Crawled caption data
--- --- ---

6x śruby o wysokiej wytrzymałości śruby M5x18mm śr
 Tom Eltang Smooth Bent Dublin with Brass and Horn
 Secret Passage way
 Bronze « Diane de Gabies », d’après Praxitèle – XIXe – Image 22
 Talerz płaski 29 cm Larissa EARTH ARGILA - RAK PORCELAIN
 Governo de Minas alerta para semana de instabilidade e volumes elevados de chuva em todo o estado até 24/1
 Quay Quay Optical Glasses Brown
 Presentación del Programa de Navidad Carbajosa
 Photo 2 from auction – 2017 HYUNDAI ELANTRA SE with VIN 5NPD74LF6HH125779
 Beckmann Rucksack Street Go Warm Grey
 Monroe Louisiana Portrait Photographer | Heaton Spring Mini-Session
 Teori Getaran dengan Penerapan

--- --- ---

◆ WHAT YOU NEED TO DO
Please copy the data above in its entirety, exactly as written.

◆ SOLUTION
6x śruby o wysokiej wytrzymałości śruby M5x18mm śr
 Tom Eltang Smooth Bent Dublin with Brass and Horn
 Secret Passage way
 Bronze « Diane de Gabies », d’après Praxitèle – XIXe – Image 22
 Talerz płaski 29 cm Larissa EARTH ARGILA - RAK PORCELAIN
 Governo de Minas alerta para semana de instabilidade e volumes elevados de chuva em todo o estado até 24/1
 Quay Quay Optical Glasses Brown
 Presentación del Programa de Navidad Carbajosa
 Photo 2 from auction – 2017 HYUNDAI ELANTRA SE with VIN 5NPD74LF6HH125779
 Beckmann Rucksack Street Go Warm Grey
 Monroe Louisiana Portrait Photographer | Heaton Spring Mini-Session
 Teori Getaran dengan Penerapan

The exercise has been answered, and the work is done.